Mainland Chinese shares were trading erratically on Thursday as regulators continued trying to calm the markets.
The Shanghai Composite index was up as much as 1.4% in mid-morning trade after falling 3.6% earlier.
A move to ban big investors from selling stocks may have helped to support the market, analysts said.
Meanwhile, the state-run news agency Xinhua said police were investigating “vicious short-selling” on the country’s stock market.
Xinhua said authorities would “crack down” on operations that had broken the laws and regulations related to trading.
By mid afternoon, the benchmark Shanghai index was up 1.3% at 3,552.8 points.

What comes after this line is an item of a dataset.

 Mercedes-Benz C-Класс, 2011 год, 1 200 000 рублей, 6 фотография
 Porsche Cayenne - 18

China’s market regulator has introduced a string of new rules in the past week to try and relieve pressure on Chinese shares – which have lost more than 30% of their value since mid-June.

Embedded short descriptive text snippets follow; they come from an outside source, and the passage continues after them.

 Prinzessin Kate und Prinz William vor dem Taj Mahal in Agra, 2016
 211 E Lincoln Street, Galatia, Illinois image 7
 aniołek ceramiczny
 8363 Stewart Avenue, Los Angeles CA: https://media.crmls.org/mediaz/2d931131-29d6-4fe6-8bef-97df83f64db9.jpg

On Wednesday, the Shanghai Composite fell as much as 8.2%, leading some analysts to describe the session as ‘Black Wednesday’.

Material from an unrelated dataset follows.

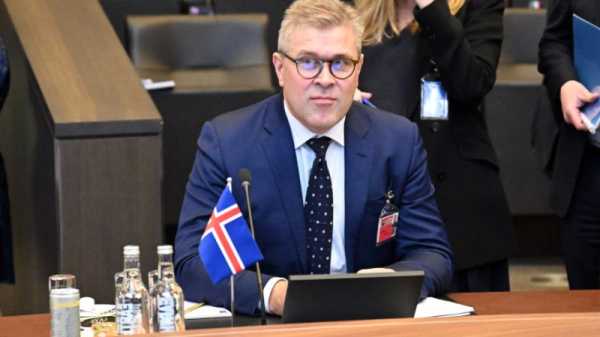 Iceland’s government coalition collapses, PM calls for snap elections | INFBusiness.com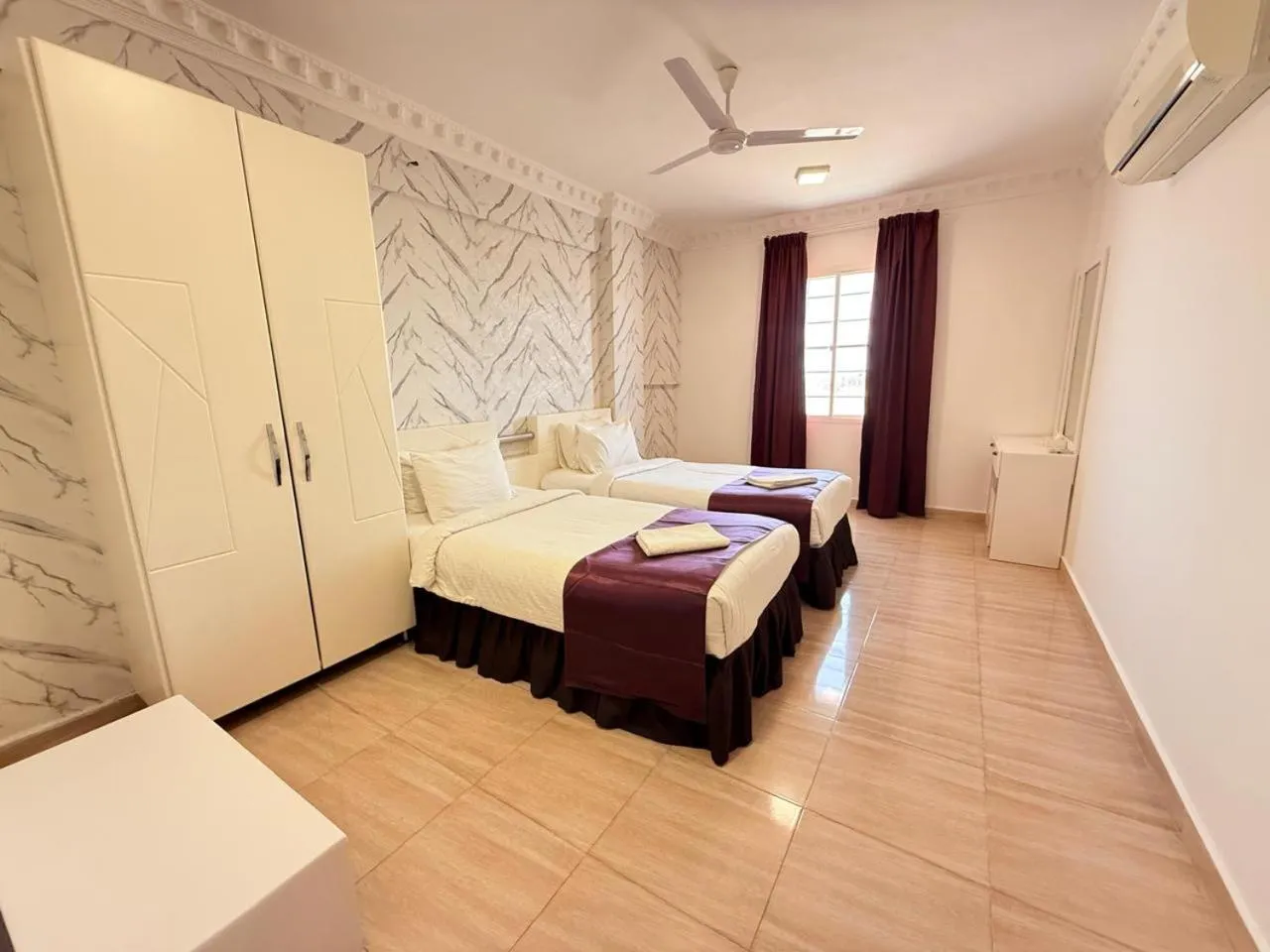 Bedroom, Bed in Gateway Salalah hotel apartments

In the latest efforts to try and stem the falling markets, Beijing has relaxed lending rules – making it easier for people to borrow money for investment – in the hope that they will buy more stocks. That follows a move late on Wednesday to ban investors holding stakes of more than 5% in companies from selling shares in the next six months.
Meanwhile, about 1,300 firms have halted trading in their stocks to prevent the value of their businesses falling further.
Analysis: John Sudworth, BBC News, Shanghai
The latest measure to be unveiled by the Chinese regulator is a ban on investors who hold more than 5% of any stock from selling it for six months.
It is an extraordinary restriction, but coupled with all the other government-backed efforts to shore up prices in the face of China’s massive slump, it may have finally brought some stability.
That said, around half of all listed companies have voluntarily suspended trading, so it could be argued that the market is, in effect, as much seizing up as it is stabilising.
Analysts are divided over the extent to which the dramatic unwinding of China’s massive lending-fuelled stock market boom poses a threat to the wider economy.
Elsewhere in Asia
The volatility in China was mirrored in Hong Kong, with the benchmark Hang Seng index reversing earlier losses – trading up 3.4% by mid-afternoon.
Japan’s Nikkei 225 index was down 1.1% as investors worried about China’s stock market and Greece’s future in the eurozone.
“Tokyo markets have been affected by Chinese shares since yesterday,” said SBI Securities’ Hideyuki Suzuki, who is general manager of the firm’s investment market research arm.
“But the Hang Seng Index and red chips which are now in positive territory are giving [a] sense of relief,” he said.
In Australia, the SP/ASX 200 index was down 0.2% in afternoon trade. While South Korea’s benchmark Kospi index slipped 0.2%.